Microsoft: Partnering Up or Partnering Down?
Microsoft is making its Dynamics business applications more industry relevant, the company revealed at its Convergence conference in San Diego in March. The software giant an-nounced Dynamics Industry Solutions, a new program under which Microsoft will build in additional vertical capabilities to its ERP and CRM applications through a combination of internal development, small-scale acquisitions, and a deepening of its Industry Builder incentive program, according to Tami Reller, corporate vice president of Business Solutions Marketing, at the conference. Future industry-specific offerings codeveloped by Microsoft and its partners can be standalone offerings or ISVs can build on top of them, according to Reller.
Microsoft had been relying on its partners to add industry-specific functionality to its Dynamics software. This was sometimes problematic for customers that needed vertically focused solutions. "Those users were largely dependent on code developed on top of Dynamics, often by very small ISVs' code that wasn't backed by Microsoft," says Yvonne Genovese, a vice president and distinguished analyst at Gartner.

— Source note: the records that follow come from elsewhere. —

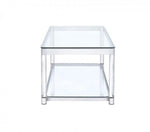 Adriana Chrome & Acrylic Coffee Table with Glass Top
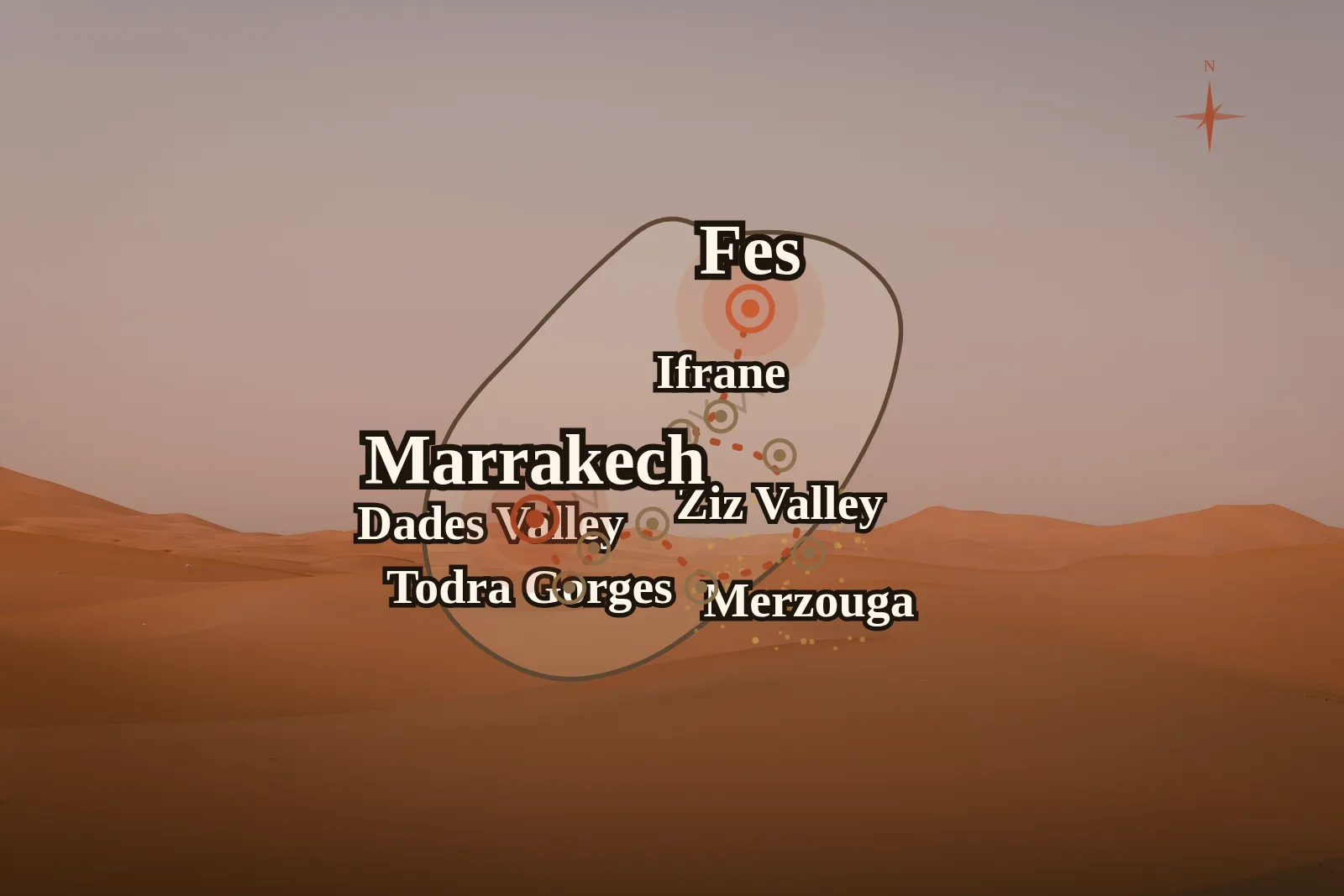Fes to Marrakech Desert Tour 3 Days — route map 2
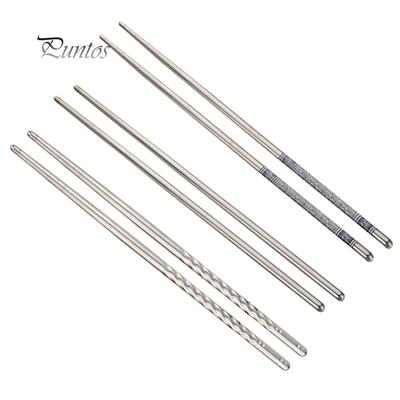Kitchen Artifact Stainless Steel Reusable Flower Printed Non-slip Chopsticks Tableware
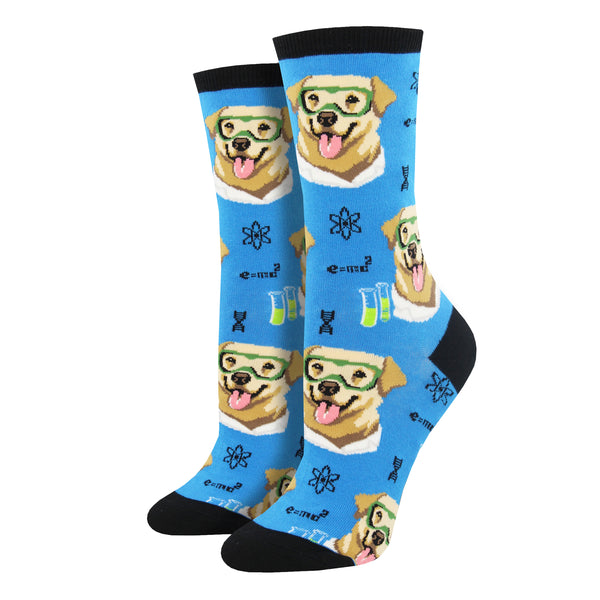 Blue socks with yellow lab dogs wearing science goggles, next to beakers and math symbols, photographed on a leg form.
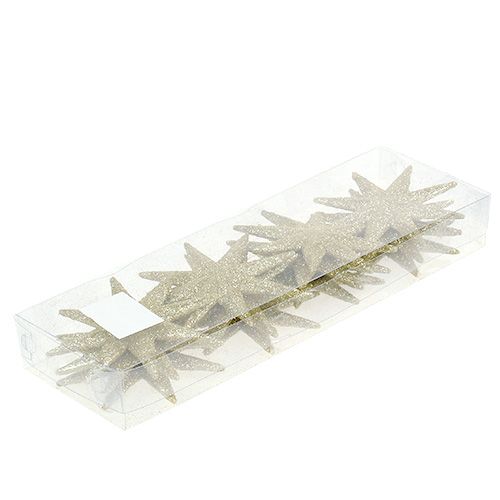 Floristik24 Glitter star gold Ø10cm 12vnt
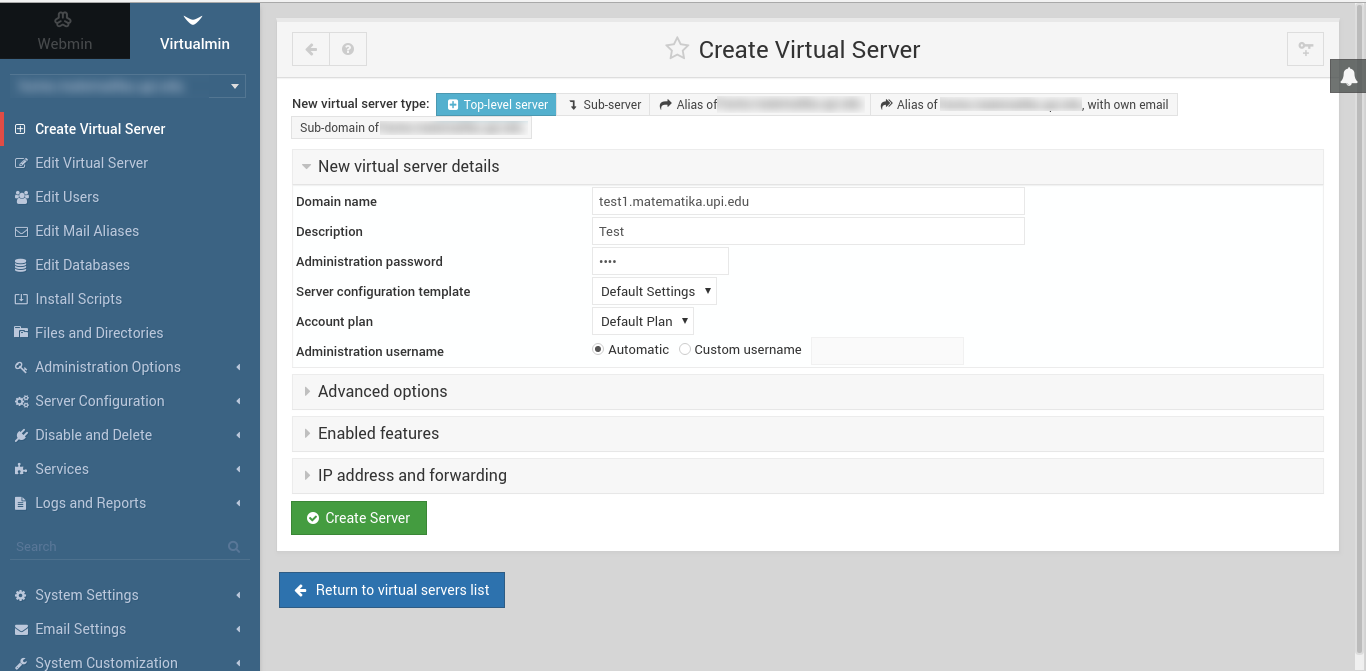 Virtualmin virtual server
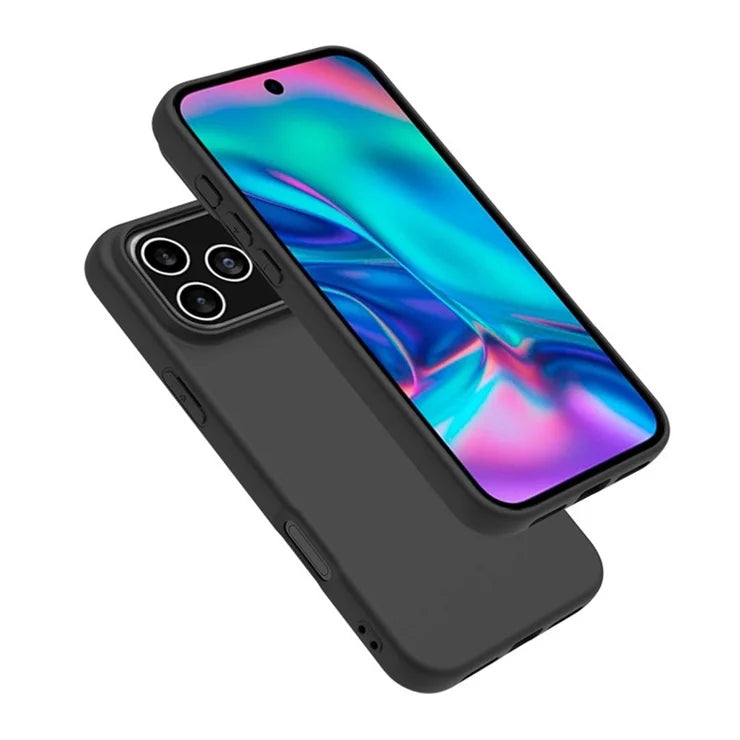 For iPhone 17 Pro Case Soft Matte Back TPU Black Phone Cover, Large Cutout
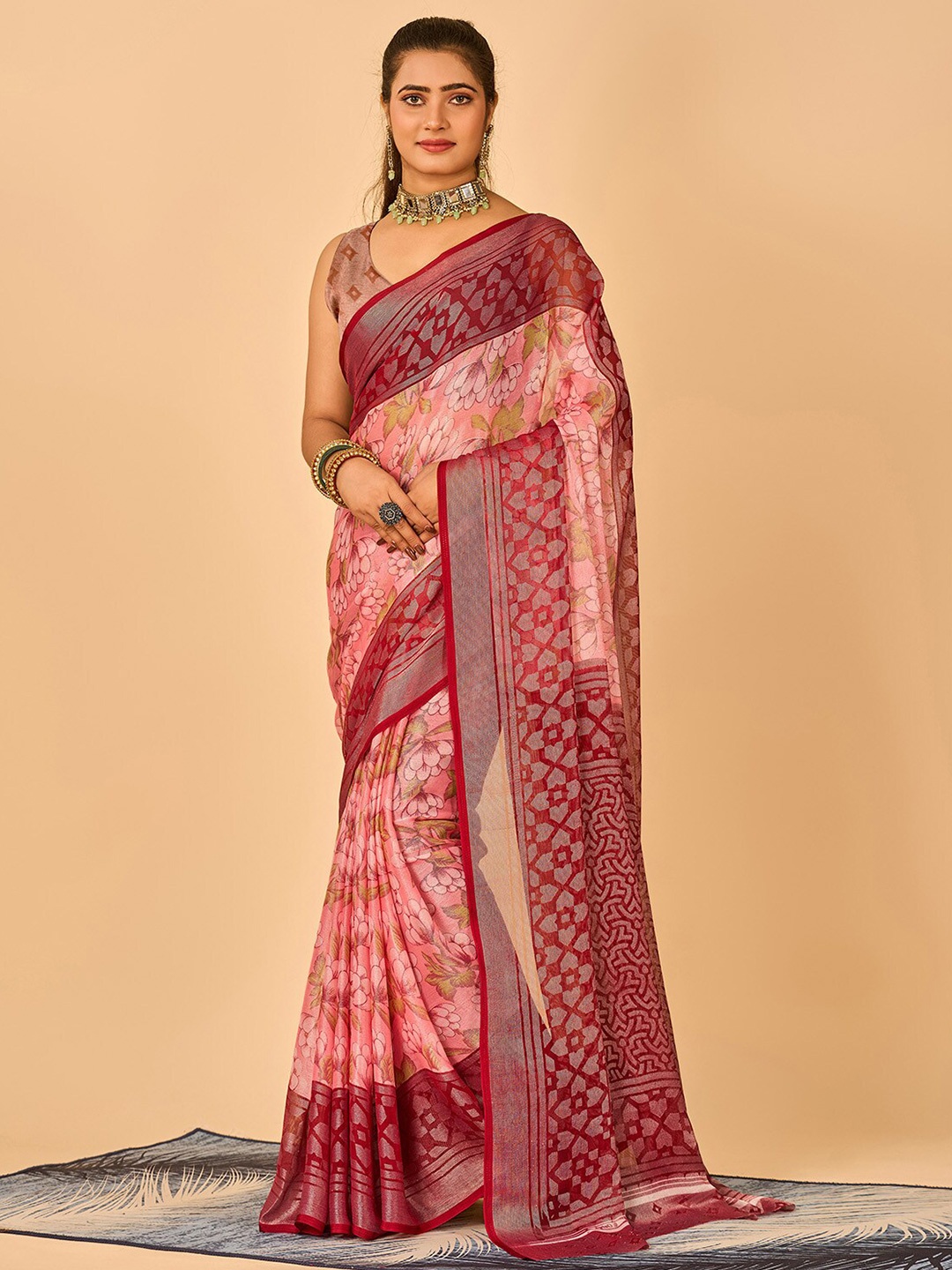 

NIRMAL CREATION Floral Printed Brasso Saree, Pink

That behavior is about to change. "We're strengthening opportunities for our partners," says James Utzschneider, general manager of Dynamics marketing. At the conference the company also announced Microsoft Dynamics Certified Solutions, a third-party program in which Microsoft tests and approves new code from all partners certified on Microsoft Dynamics software. Microsoft will then identify the top 500 ISV solutions that meet the specialized needs of particular industries.
Laurie McCabe, vice president of SMB insights for AMI-Partners, says, "If you think back to Microsoft's acquisition of Great Plains, everybody thought that would send ISVs running, but it didn't. For Microsoft's partners it's a question of how much farther are they going to go with this vertical initiative and how much room they're going to give the partners. Some will see this as a threat, others won't."
Utzschneider pointed to the strategic alliance Microsoft recently struck with public-sector information management software vendor Tyler Technologies. With its headquarters in Dallas, Tyler has more than 6,000 customers, most of which operate in the U.S. local-government sector. Tyler Technologies has 1,500 staff and approximately $200 million in annual revenue. In January the two companies announced a joint development of public-sector accounting functionality for Dynamics AX, suitable for out-of-the-box use by governments worldwide.
The enhanced version of Dynamics should appear in the latter part of 2009, according to John Marr, Tyler president and CEO. Marr welcomed Microsoft's industry-focused move after having spent years talking to Microsoft, but found it challenging to define a relationship that would benefit both companies. "They're now saying, 'Be a part of our development team.'"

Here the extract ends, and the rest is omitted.